Dans une interview accordée à TIC-Actualités, le mercredi 18 mars 2026 à Bujumbura, Nathan Ntahondi parle des défis de l’accès universel à l’Internet et propose des solutions. Cet expert en élaboration des politiques de développement des TIC indique d’abord que la gouvernance de l’Internet est un enjeu crucial pour l’avenir de la connectivité de chaque pays. Alors que le monde se dirige vers une société de plus en plus numérique, il est essentiel de garantir que l’accès à l’Internet soit universel et équitable, dit-il en substance.
Selon Nathan, les experts convergent tous sur plusieurs mesures qui devraient être prises pour atteindre cet objectif. Tout d’abord, dit-il, il est nécessaire de développer les infrastructures pour couvrir les zones rurales et les pays en développement. Cela passe par l’investissement dans les réseaux de fibre optique, les satellites et les technologies sans fil. Mais malheureusement, souligne-t-il, certains pays en développement se lance dans de tels investissements sans pour autant s’assurer de leur optimisation. Il donne l’exemple de l’investissement que le Burundi a consenti pour construire la fibre optique mais qui tarde encore à impacter sur la connectivité dans le pays.
Pour lui, il est crucial de rendre l’Internet abordable pour tous. Cela peut être réalisé en mettant en place des politiques de tarification équitables et des subventions pour les populations incapables d’accéder à des services chers. Il précise, en outre, que la neutralité de l’Internet est également un principe fondamental à protéger. Pour cela, dit-il, tous les contenus et les services en ligne doivent être traités sans discrimination aucune. Il est essentiel de renforcer la sécurité en ligne pour protéger les utilisateurs contre les cyberattaques et les contenus illicites, précise Nathan Ntahondi.
Cet ancien représentant du Burundi au Conseil d’Administration de l’Union africaine des télécommunications ne mâche pas les mots sur la coopération internationale qui est également nécessaire pour développer des politiques et des normes communes.
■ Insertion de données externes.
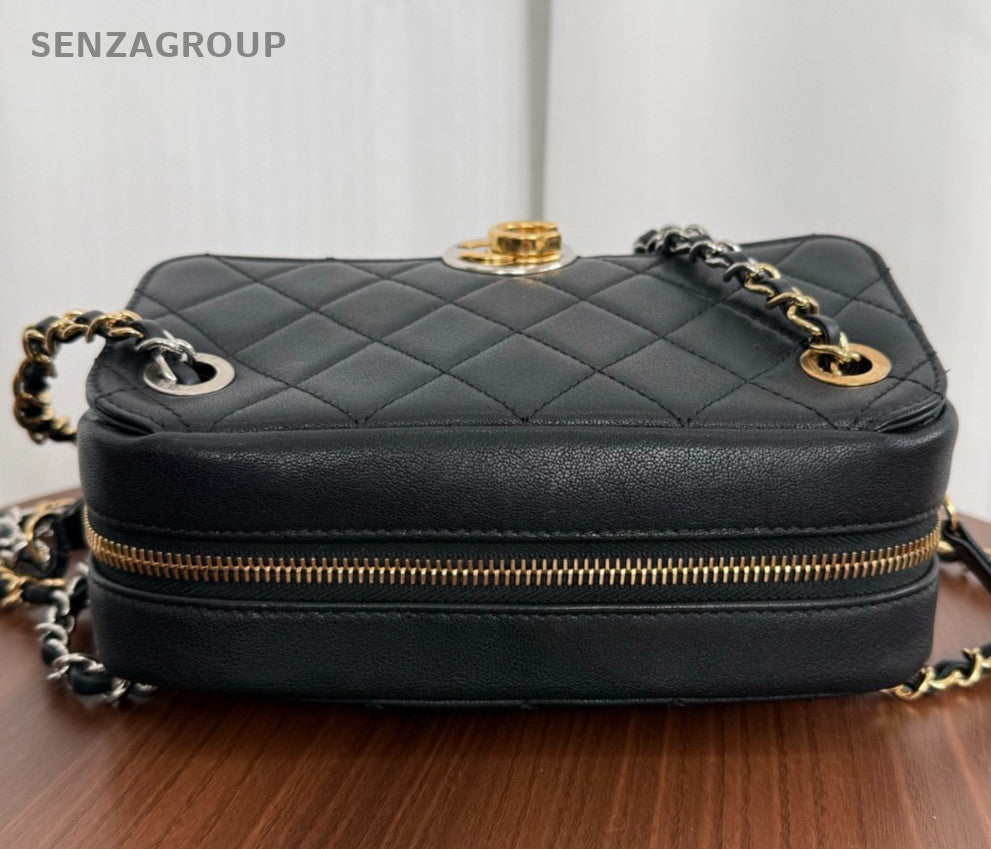 Chanel Diamond PM Calfskin Camera Chain Shoulder Bag Black Gold Women Classic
Pour lui, les gouvernements, les entreprises et les organisations de la société civile doivent travailler ensemble pour garantir que l’Internet soit un outil inclusif et bénéfique pour tous.
En fin de compte, Nathan Ntahondi révèle que l’Internet est un droit fondamental qui doit être protégé et promu. Pour lui, il est temps de prendre des mesures concrètes pour garantir que l’Internet soit un outil de développement et de progrès pour tous les citoyens du monde.